Hacker News new | ask | show | jobs
by lenticular 2586 days ago
Modern persistent tree-based data structures are usually O(log32n) random access, which is essentially O(1) for all practical purposes. With a mutable array of references, random access follows one pointer, while these structures follow usually less than 5. Sequential access is usually O(1).

These kind of persistent data structures are already the standard data structures in Scala and Clojure, and they are fast enough for the vast majority of non-numerical purposes. In typical access patterns, they are faster than mutable arrays.

1 comments

As N approaches infinity O(log32 n) approaches O(log n). And really, we don’t care much about N until it gets very large.

> In typical access patterns, they are faster than mutable arrays.

Only if typical is extremely random on large lists that consume many pages/cache lines.

Sequential access is O(1) just like mutable arrays.

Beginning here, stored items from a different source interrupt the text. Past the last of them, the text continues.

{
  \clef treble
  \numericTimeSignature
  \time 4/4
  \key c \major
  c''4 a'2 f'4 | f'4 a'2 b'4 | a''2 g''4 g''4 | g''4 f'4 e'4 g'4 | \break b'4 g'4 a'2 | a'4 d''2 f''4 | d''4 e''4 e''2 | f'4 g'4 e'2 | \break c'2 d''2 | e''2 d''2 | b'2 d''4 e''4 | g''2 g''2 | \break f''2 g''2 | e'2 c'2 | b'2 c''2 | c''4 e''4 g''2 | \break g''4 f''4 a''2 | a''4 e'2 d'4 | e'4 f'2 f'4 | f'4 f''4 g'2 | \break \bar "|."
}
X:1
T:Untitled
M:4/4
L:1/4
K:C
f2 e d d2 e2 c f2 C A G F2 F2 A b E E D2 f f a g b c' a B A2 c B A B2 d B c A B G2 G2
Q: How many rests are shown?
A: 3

These structures really are fast and practical. The benefits of immutability are enormous. That's why they are so popular.

Edit: That's true about log32 and log2 become close in the limit, but that's irrelevant for practical data sizes. For example,

log2(10^6) ~ 20,

log32(10^6) ~ 4

That's a 5x difference.

Sequential access in an array has caching advantages because the memory is contiguous. For a linked structure, that is often not true. Linked structure mostly suck at sequential accesses. Extreme random access can actually work against arrays for the same reason.

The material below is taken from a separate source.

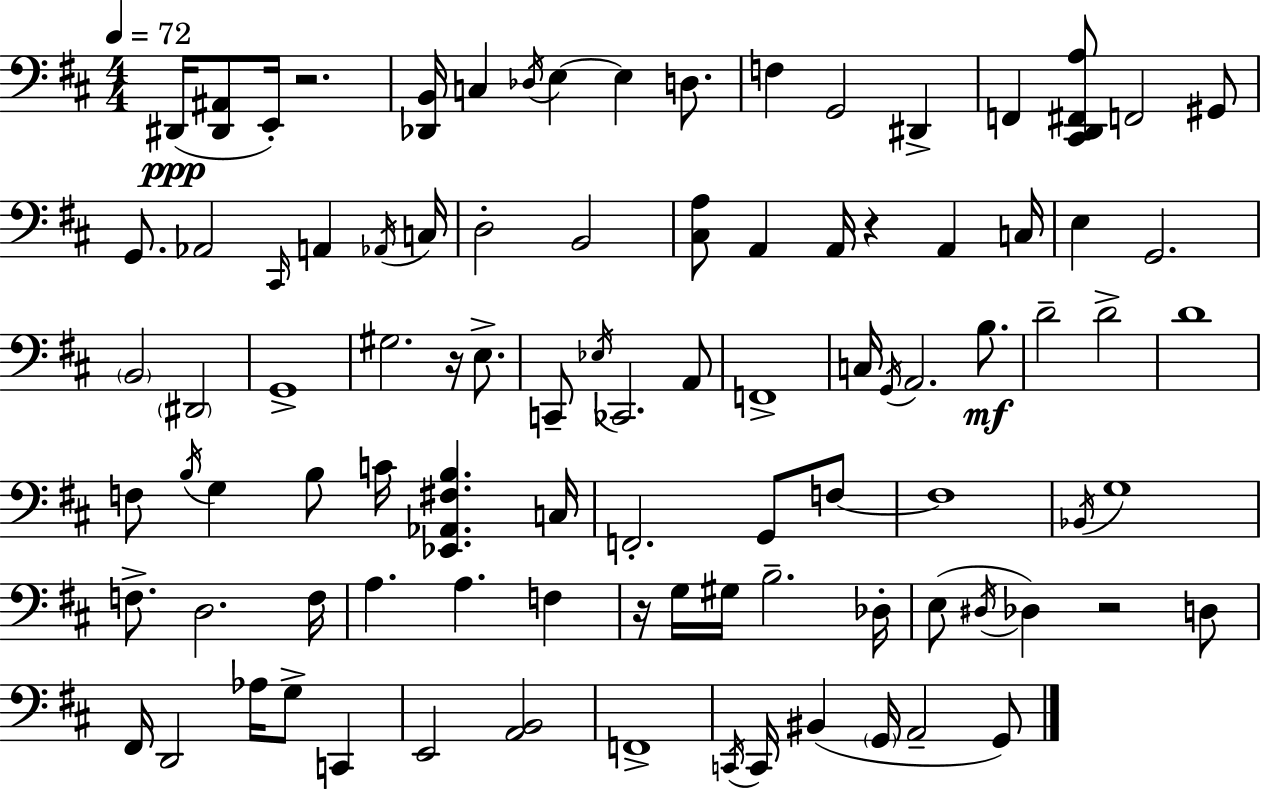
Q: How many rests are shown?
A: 5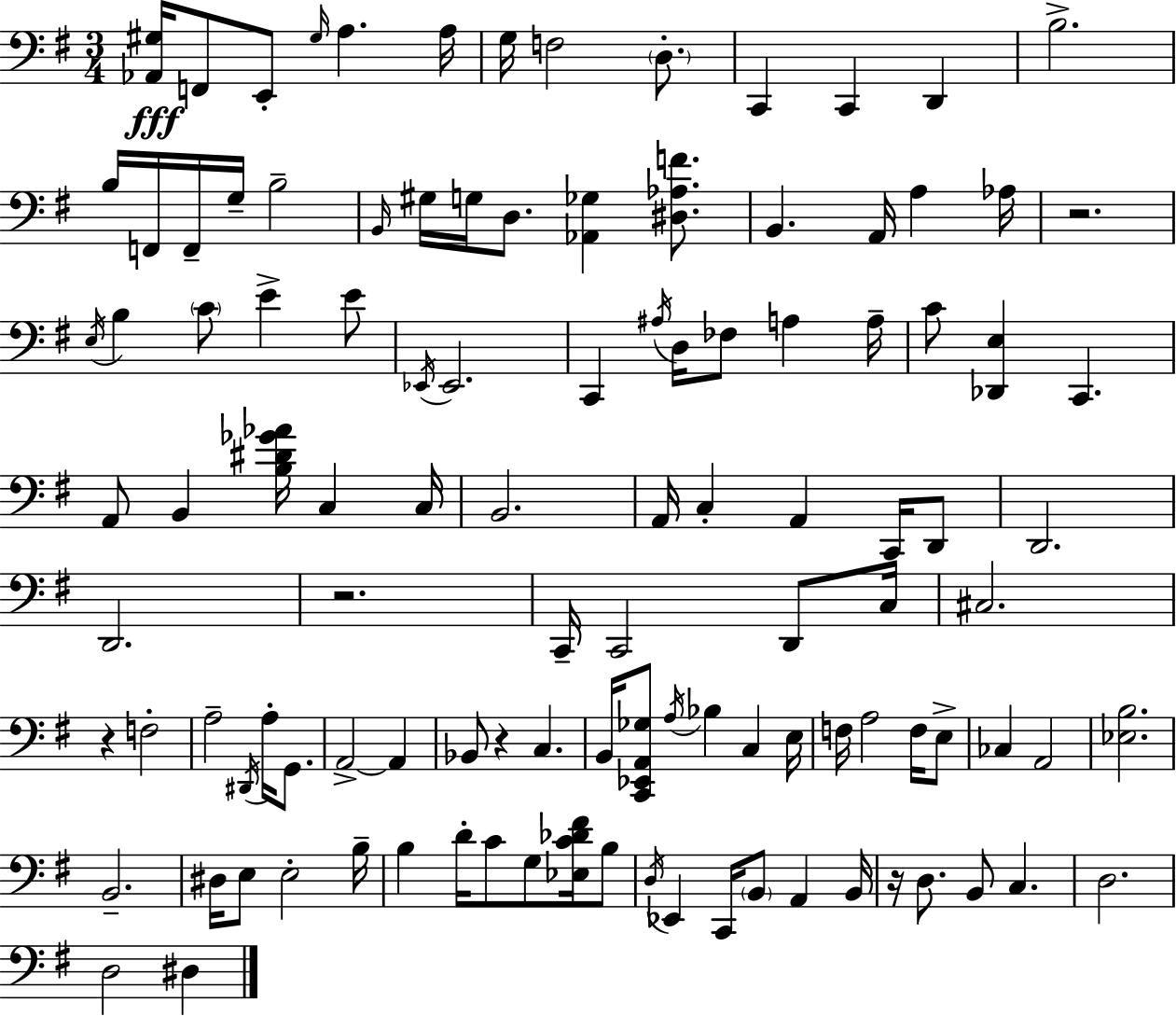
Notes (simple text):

[Ab2,G#3]/s F2/e E2/e G#3/s A3/q. A3/s G3/s F3/h D3/e. C2/q C2/q D2/q B3/h. B3/s F2/s F2/s G3/s B3/h B2/s G#3/s G3/s D3/e. [Ab2,Gb3]/q [D#3,Ab3,F4]/e. B2/q. A2/s A3/q Ab3/s R/h. E3/s B3/q C4/e E4/q E4/e Eb2/s Eb2/h. C2/q A#3/s D3/s FES3/e A3/q A3/s C4/e [Db2,E3]/q C2/q. A2/e B2/q [B3,D#4,Gb4,Ab4]/s C3/q C3/s B2/h. A2/s C3/q A2/q C2/s D2/e D2/h. D2/h. R/h. C2/s C2/h D2/e C3/s C#3/h. R/q F3/h A3/h D#2/s A3/s G2/e. A2/h A2/q Bb2/e R/q C3/q. B2/s [C2,Eb2,A2,Gb3]/e A3/s Bb3/q C3/q E3/s F3/s A3/h F3/s E3/e CES3/q A2/h [Eb3,B3]/h. B2/h. D#3/s E3/e E3/h B3/s B3/q D4/s C4/e G3/e [Eb3,C4,Db4,F#4]/s B3/e D3/s Eb2/q C2/s B2/e A2/q B2/s R/s D3/e. B2/e C3/q. D3/h. D3/h D#3/q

There is a good reason why the subscript of log is often not even mentioned. Logarithmic is logarithmic, no longer what subscript you bother in investing extra space for.

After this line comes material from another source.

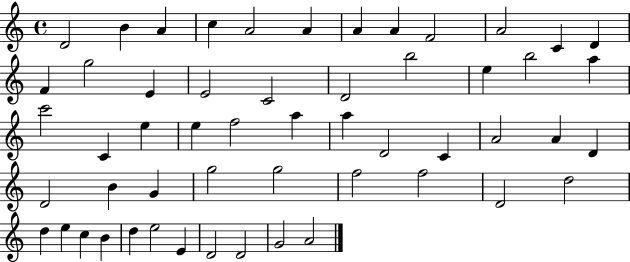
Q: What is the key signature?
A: C major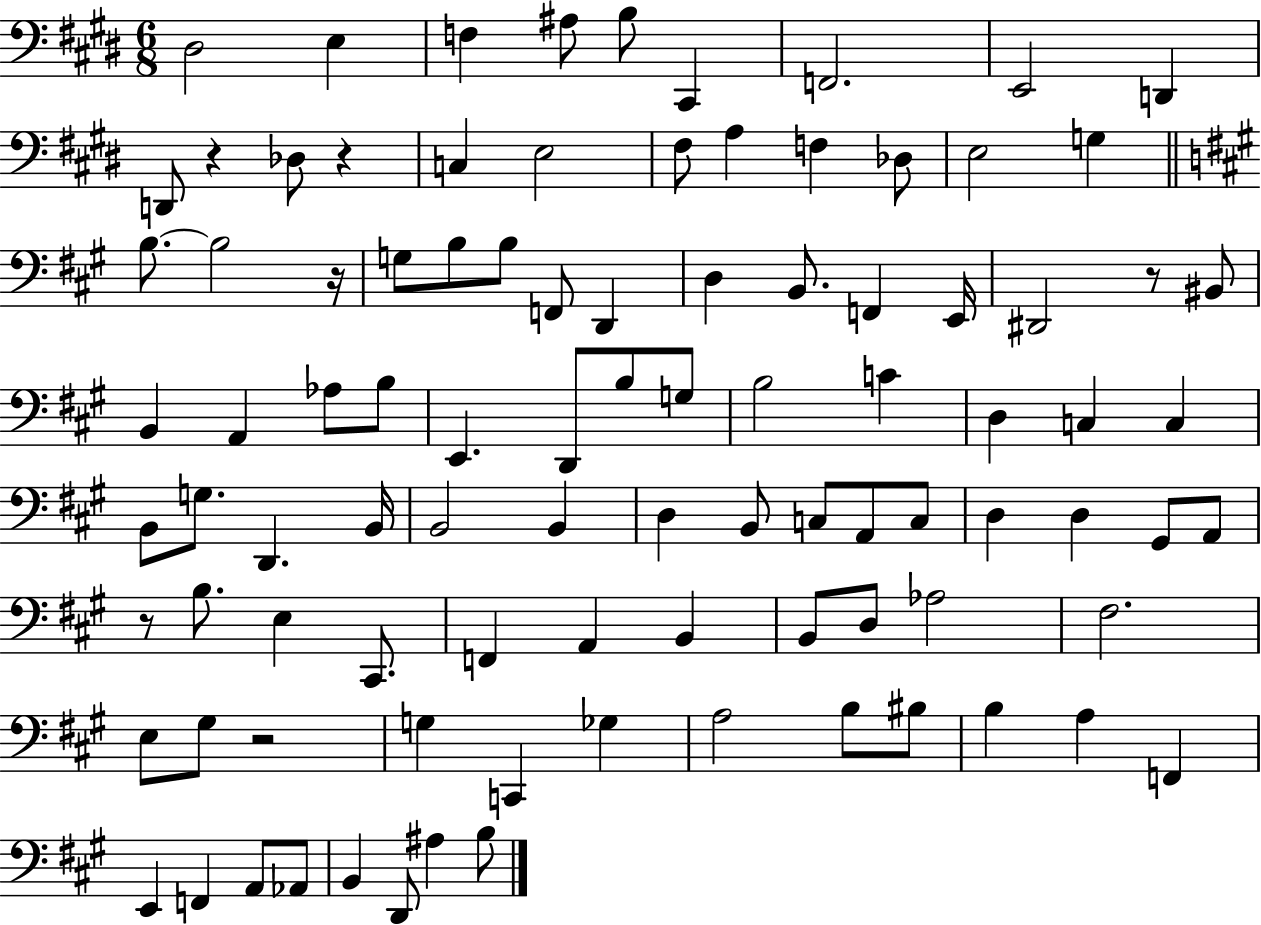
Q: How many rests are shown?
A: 6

log32n/log2n is always 5, highlighting why this is such a meaningless comparison. O(logn) (basically) refers to a constant multiple clogn, by which logic O(log32n) = O(5log2n) = O(log2n) = O(logn). It's all the same.

Case in point, if your algorithm takes log32n operations but each OP takes 5x longer its exactly the same as log2n. This is true for any value n, not just large values.

Ah! My explanation was wrong in that sense, thanks for the correction.
Whoops, brain fart.